IPA Bellwether: Budgets up as UK economic worries subside

The Q4 2013 IPA Bellwether Report, published today, reveals a strong upwards revision to marketing budgets, marking the fifth quarter of consecutive growth and the second-highest rate of growth in the survey’s history.

The latest report also indicates that companies are “loosening their purse strings” as worries about the wider UK economy subside.

Conducted on a quarterly basis since Q1 2000, the report revealed a net balance – calculated by subtracting the percentage reporting a downward revision from the percentage reporting an upward revision – of +11% of companies registering an increase in budgets during Q4 2013 – down slightly on the series record of +12.3% in Q3.

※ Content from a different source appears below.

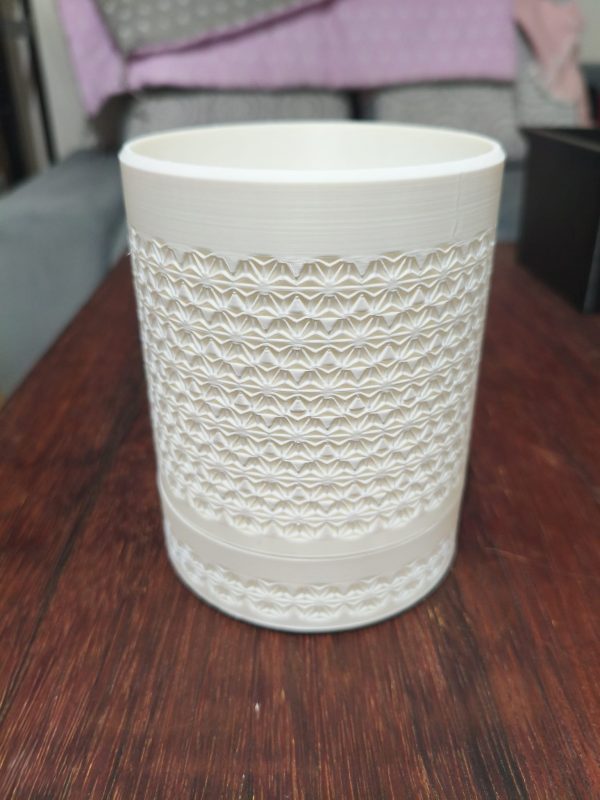 Ozdobna doniczka Stella 12cm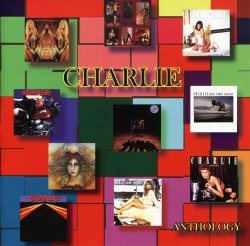 CHARLIE (UK) / Anthology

Companies also remained “highly confident” about their own financial prospects with the net balance of firms that have become more optimistic measuring +47.0% – only slightly lower than the series record high registered in Q3 at +49.2%.

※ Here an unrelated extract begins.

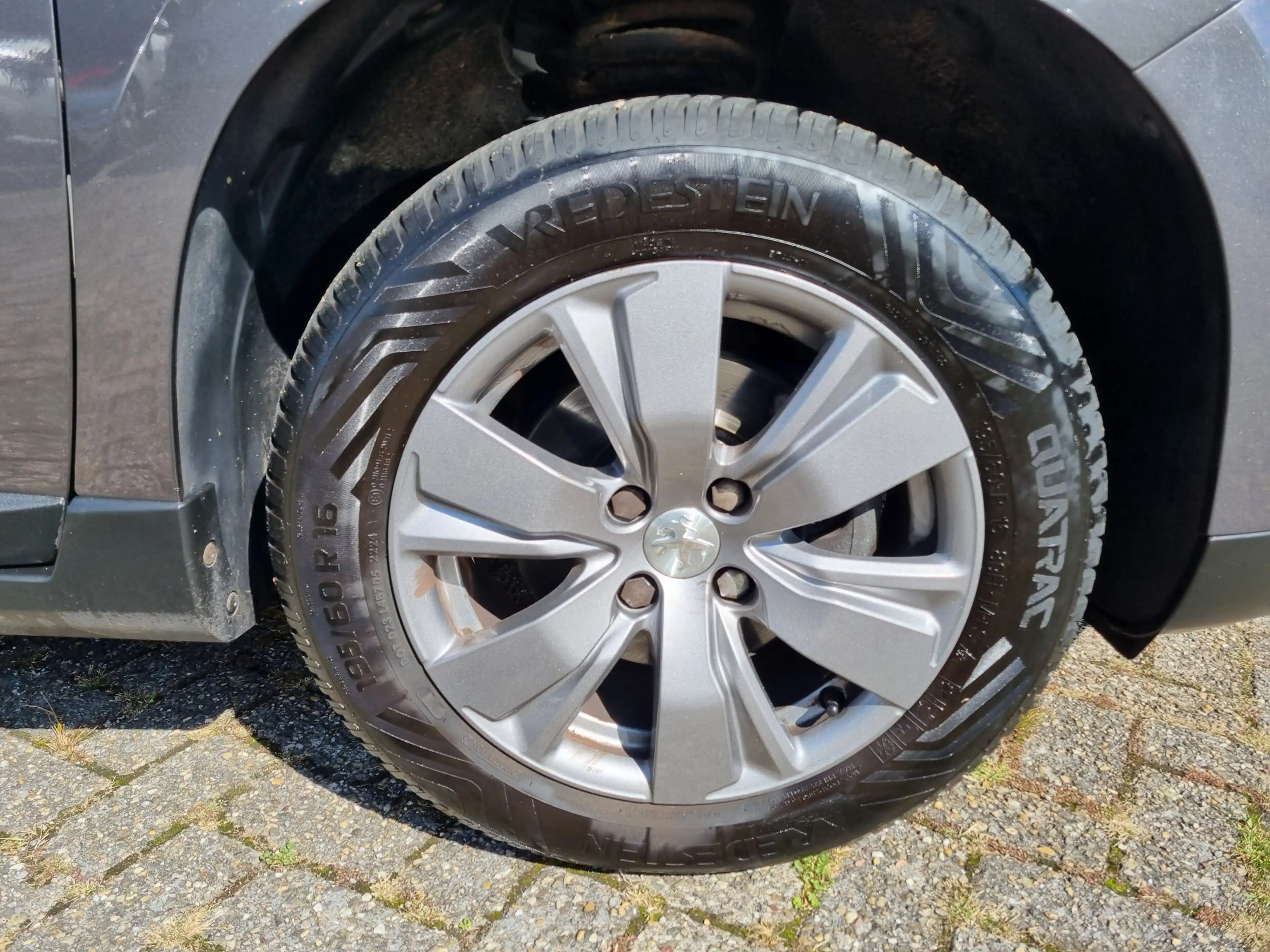 Peugeot 2008 1.2 PureTech Blue Lion ✅1e EIGENAAR ✅PANODAK — photo 6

Companies are also confident about industry financial prospects in the coming months with the net balance unmoved at a series-record high of +35.4% in Q4.

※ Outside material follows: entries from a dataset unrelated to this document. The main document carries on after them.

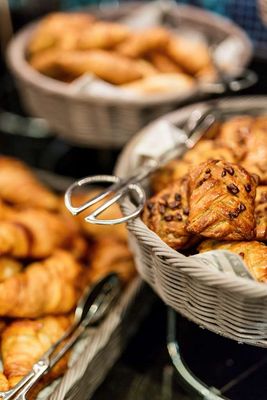 Hilton Vilamoura As Cascatas Golf Resort & Spa by null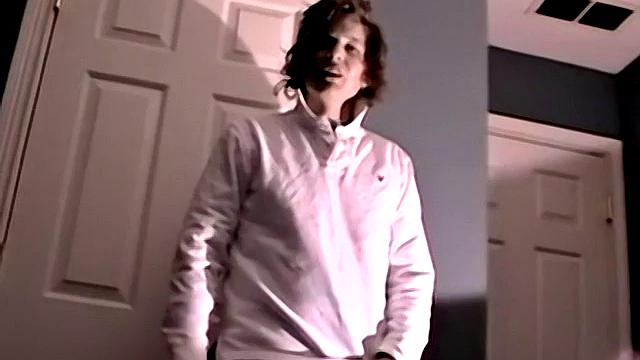 Str8 Boy Got Sucked &amp;amp; Stroked - Steve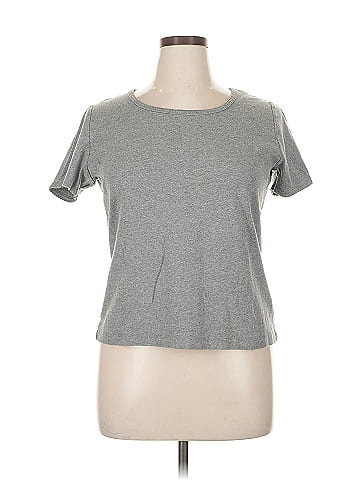 Kate Hill Short Sleeve T-Shirt (view 1)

The optimism looks set to continue into 2014 with provisional data for 2014 financial year budget plans revealing that a net balance of +25.8% companies are expecting to see growth – the most positive reading since 2008.

Additionally, the Bellwether’s predictive model, which is based on the Office for Budget Responsibility’s prediction for economic growth of 2.4%, forecasts a resultant 3.3% increase in adspend in 2014.

In the longer-term, however, the predictive model anticipates a slowing in GDP and consumer spending growth in 2015 which will be offset by an upturn in investment, leaving adspend growth unchanged at 3.3%.

A stronger economic recovery going forwards will then deliver a more substantial increase in adspend to over 4.0% in 2016, 2017 and 2018.

By sector

Internet spending budgets again recorded the sharpest improvement with a net balance of +9.2% and, within internet advertising, search also recorded an increase (+3.8%), although this is the lowest recorded rate of growth for both since Q1 2013.

Sales promotion (+1.9%), events (+1.8%), and direct marketing (+1.2%) also saw growth.

Main media advertising saw no change to budgets since the previous quarter, but falls were recorded elsewhere including PR (-2.8%), market research (-2.5%) and other paid for marketing activity (-2.3%).

“The latest Bellwether Report findings once again will send an upbeat message to the advertising industry and the UK economy at large,” said Paul Bainsfair, director general of the IPA.

“With the current run of growth in marketing budgets now extending to five quarters, it seems companies are spending again to drive business growth. Confidence remains high as the economic situation continues to improve, this is encouraging to hear and welcome news.”

Chris Williamson, chief economist at Markit and author of the Bellwether Report said: “One of the most encouraging signals from the survey is the indication that companies are feeling more confident about investing in growing their businesses, advertising to build brands, supporting new product launches and taking the plunge in being more aggressive about boosting revenues.

“This increase in risk appetite should add to the sustainability of the economic recovery and represents a great start to the year.”